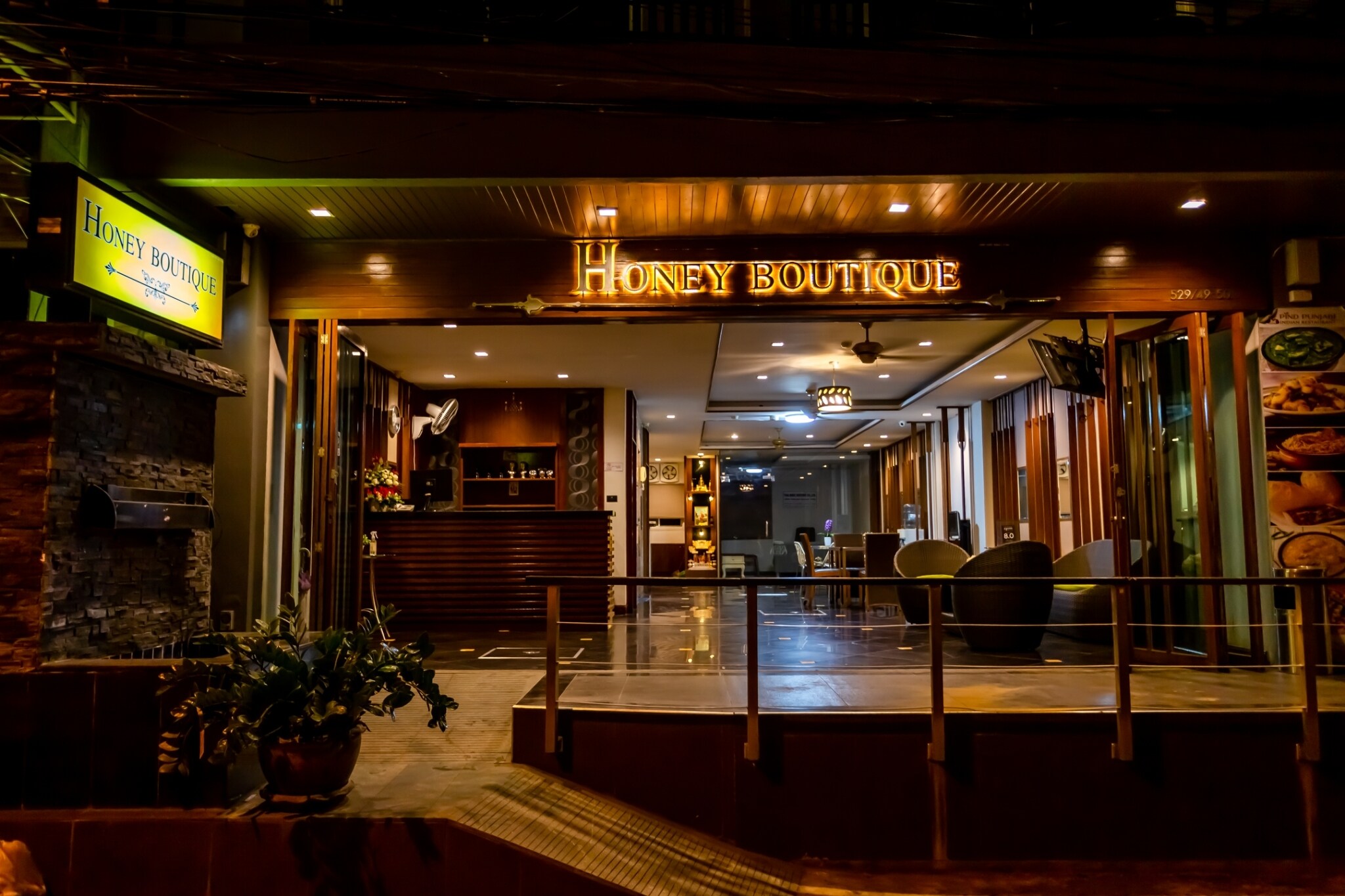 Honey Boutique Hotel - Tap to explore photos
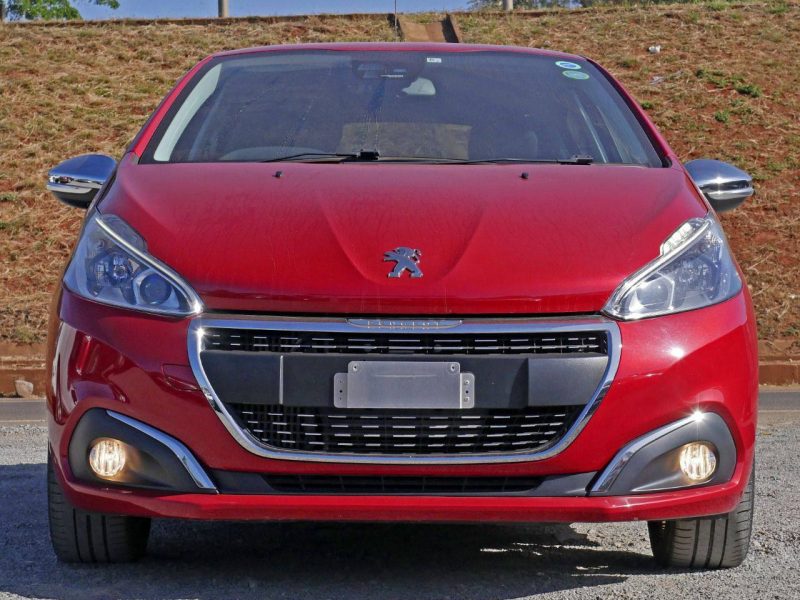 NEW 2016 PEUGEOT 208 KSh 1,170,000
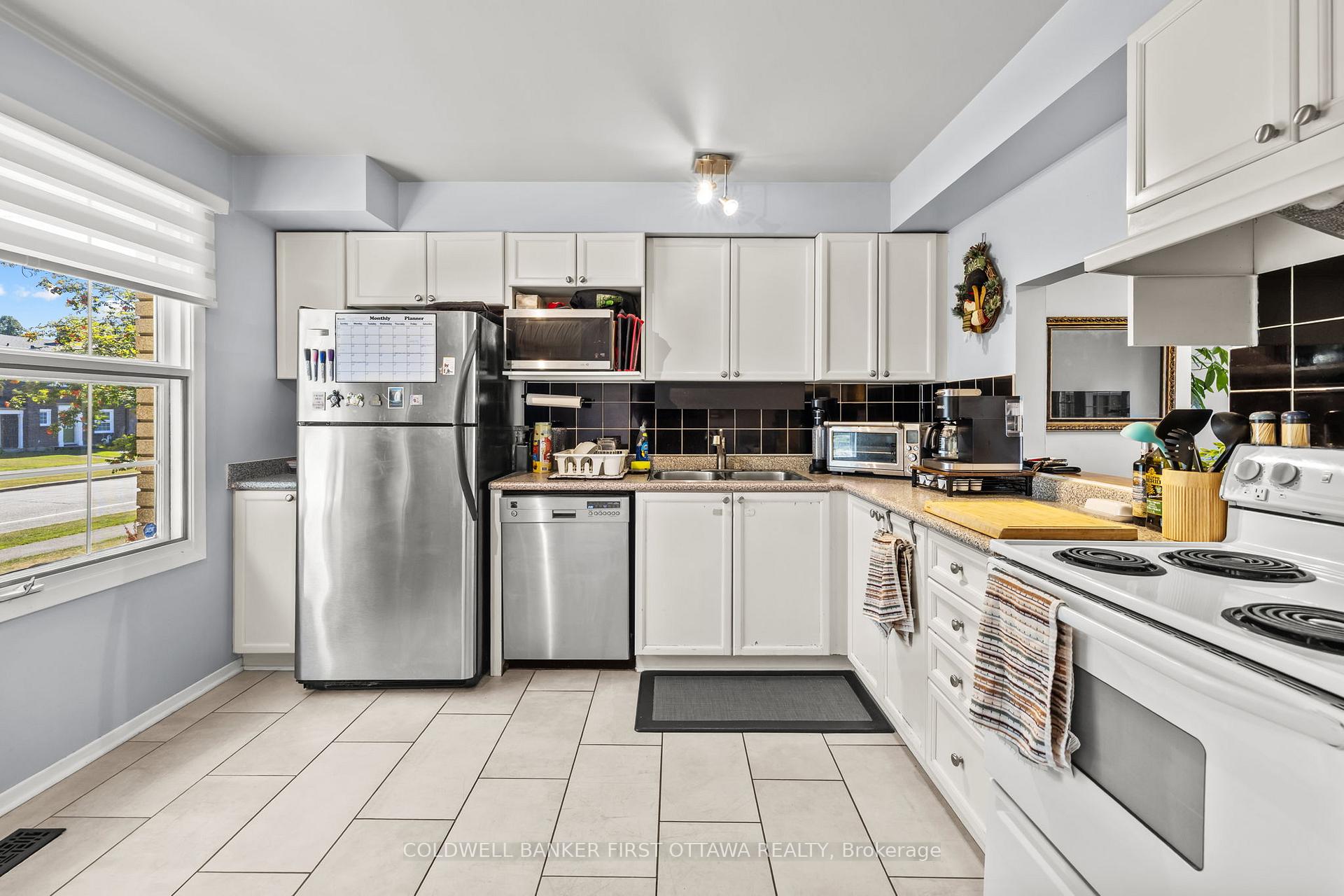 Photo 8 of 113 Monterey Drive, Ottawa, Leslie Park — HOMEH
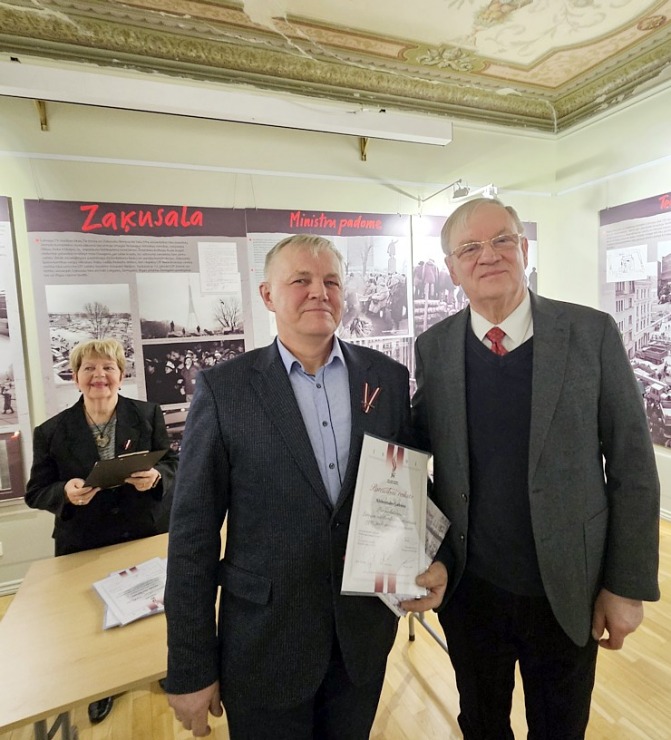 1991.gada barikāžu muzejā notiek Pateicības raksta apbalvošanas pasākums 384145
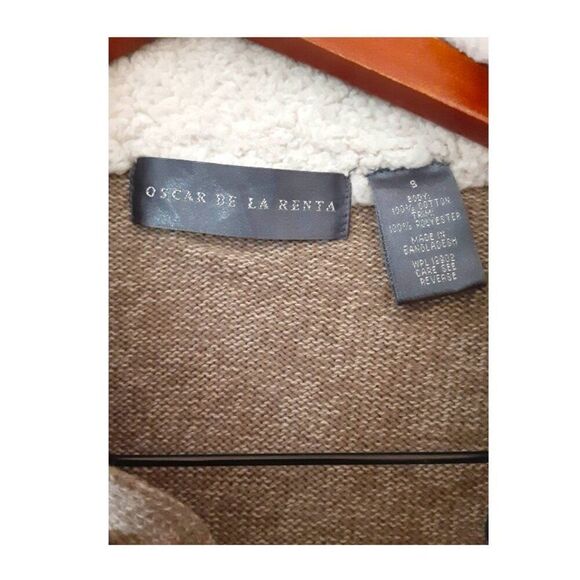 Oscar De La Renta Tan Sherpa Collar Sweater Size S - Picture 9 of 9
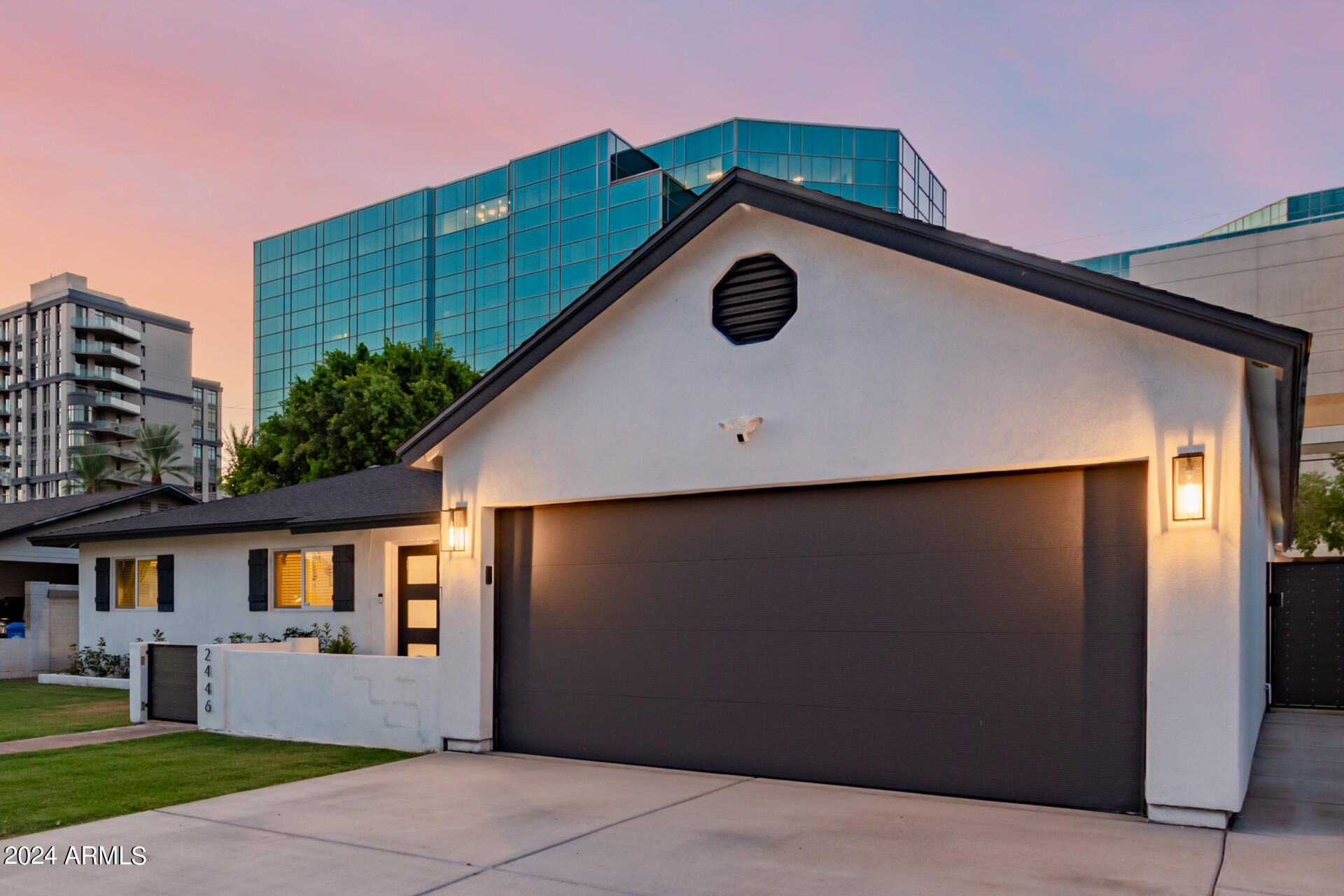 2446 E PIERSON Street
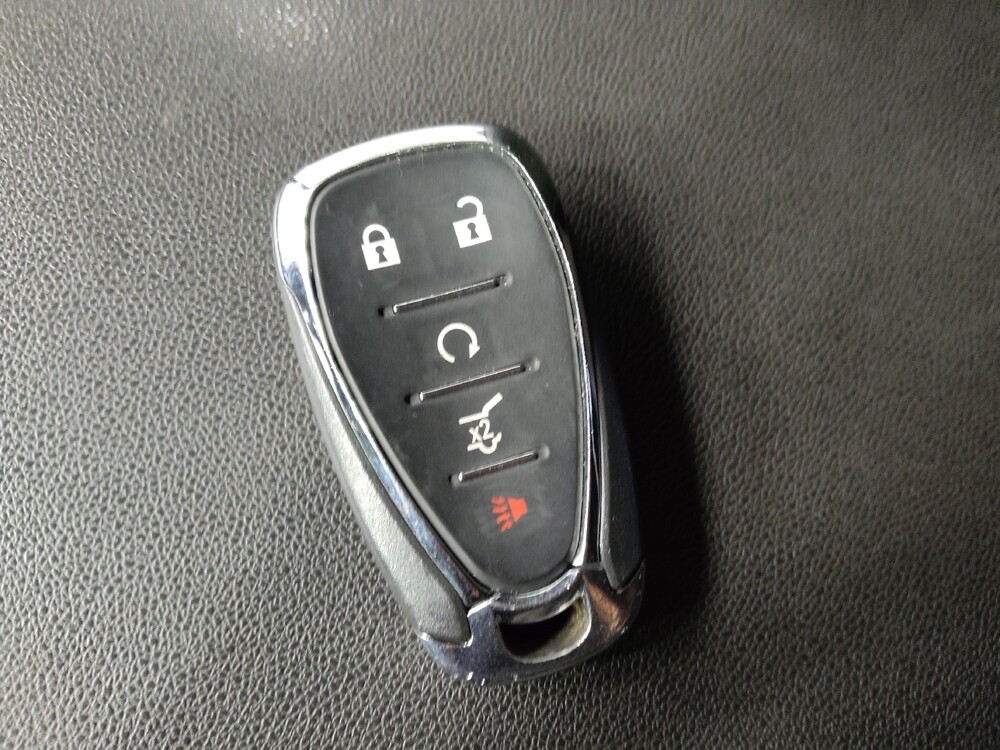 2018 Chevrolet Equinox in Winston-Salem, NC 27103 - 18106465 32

=== Requirement ===
Leaving the pictures aside, transcribe only the lines from the one containing "1991.gada barikāžu muzejā" to the final line of the listing above, inclusive, exactly as they appear.

=== Answer to this problem ===
 1991.gada barikāžu muzejā notiek Pateicības raksta apbalvošanas pasākums 384145
 Oscar De La Renta Tan Sherpa Collar Sweater Size S - Picture 9 of 9
 2446 E PIERSON Street
 2018 Chevrolet Equinox in Winston-Salem, NC 27103 - 18106465 32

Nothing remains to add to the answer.